On the Solar Decathlon we have a little project too, and like the graph hanging in the robotic systems lab we started at euphoric, dropped to blind hatred, and setlled out at residual tolerance level. Unlike the team that posted the flyer, for many of this, this happens over the course of 24 hours.
Happy: the house was successfully hoisted onto a flatbed truck via a crane. All were delighted that the house had no problems. We all got a two hour break from hard work in order to watch the spectacle.
Blind Raging Hatred: as the truck was pulling out of the parking lot it bottomed out on the steep grade. This forced all the weight of nearly 50,000 pounds onto one axle. Needless to say, this axle bent 6 inches and the truck did not depart on time.
Pseudo-happy-but-also-tired: at about 1 a.m. we finished installing a new axle and retired to bed nursing aching muscles.
Despair: Dr. Hight calls at 7:45 am to say that we have more work to do in order to bolt the house onto the trailer.

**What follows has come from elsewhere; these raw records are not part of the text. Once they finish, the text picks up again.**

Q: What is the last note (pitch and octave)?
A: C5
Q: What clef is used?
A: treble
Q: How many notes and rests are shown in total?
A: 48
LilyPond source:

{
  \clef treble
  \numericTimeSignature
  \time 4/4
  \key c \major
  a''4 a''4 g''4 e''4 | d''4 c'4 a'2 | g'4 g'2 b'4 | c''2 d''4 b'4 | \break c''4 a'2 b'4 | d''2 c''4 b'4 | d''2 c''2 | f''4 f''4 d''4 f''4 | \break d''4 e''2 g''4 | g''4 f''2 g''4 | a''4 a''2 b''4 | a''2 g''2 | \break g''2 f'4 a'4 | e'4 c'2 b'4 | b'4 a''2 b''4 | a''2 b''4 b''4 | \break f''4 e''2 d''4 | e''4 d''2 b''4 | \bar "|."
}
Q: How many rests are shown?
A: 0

Relief: Truck pulls out onto el Camino and disappears.
Then a quick 36 hours later we arrived in D.C. One of the greatest moments of this project was riding the Metro from Reagan to our new home and seeing a giant BP sponsored add declaring that it is “Take your sun to work day” and advising people to come see the Solar Decathlon October 12 - 19.

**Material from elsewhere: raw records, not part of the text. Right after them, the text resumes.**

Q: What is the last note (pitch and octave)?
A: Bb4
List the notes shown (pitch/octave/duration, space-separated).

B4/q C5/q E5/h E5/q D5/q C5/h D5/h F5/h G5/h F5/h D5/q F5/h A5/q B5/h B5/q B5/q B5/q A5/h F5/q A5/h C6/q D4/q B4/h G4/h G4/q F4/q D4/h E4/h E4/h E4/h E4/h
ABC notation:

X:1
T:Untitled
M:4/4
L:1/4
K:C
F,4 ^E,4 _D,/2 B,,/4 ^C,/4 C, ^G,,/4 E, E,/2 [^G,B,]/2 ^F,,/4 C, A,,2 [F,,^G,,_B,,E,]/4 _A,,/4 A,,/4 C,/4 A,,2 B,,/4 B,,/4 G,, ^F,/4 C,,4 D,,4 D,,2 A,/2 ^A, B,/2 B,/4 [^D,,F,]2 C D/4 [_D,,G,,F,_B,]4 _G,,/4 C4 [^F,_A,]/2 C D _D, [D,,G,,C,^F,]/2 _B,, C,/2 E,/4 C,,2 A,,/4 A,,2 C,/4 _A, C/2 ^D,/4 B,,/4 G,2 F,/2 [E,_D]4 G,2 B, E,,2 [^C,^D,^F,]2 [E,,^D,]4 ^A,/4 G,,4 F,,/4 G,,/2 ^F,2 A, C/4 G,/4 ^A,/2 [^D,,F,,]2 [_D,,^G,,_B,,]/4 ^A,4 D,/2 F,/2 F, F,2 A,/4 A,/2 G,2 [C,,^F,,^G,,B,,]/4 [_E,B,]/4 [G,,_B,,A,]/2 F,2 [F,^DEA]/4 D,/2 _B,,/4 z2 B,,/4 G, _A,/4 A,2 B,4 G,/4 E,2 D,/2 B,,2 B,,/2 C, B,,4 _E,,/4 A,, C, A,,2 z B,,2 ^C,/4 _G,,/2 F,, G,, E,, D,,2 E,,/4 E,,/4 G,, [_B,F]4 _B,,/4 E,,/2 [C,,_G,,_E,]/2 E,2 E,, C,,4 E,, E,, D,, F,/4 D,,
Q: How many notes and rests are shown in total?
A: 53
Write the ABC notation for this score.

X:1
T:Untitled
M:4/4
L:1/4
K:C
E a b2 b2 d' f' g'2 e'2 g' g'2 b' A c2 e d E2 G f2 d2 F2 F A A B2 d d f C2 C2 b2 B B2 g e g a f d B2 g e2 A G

All is well in the SCU encampent. Many people have arrived and begun logistical planning, many more are eagerly awaiting their turn back home. With every chance to win, optimism has begun to breathe new life into the team.
I for one am honored at the magnitude of what we are about to undertake. No matter where we stand in 20 days, I know that everyone involved in the Solar Decathlon will have some awesome memories to cherish.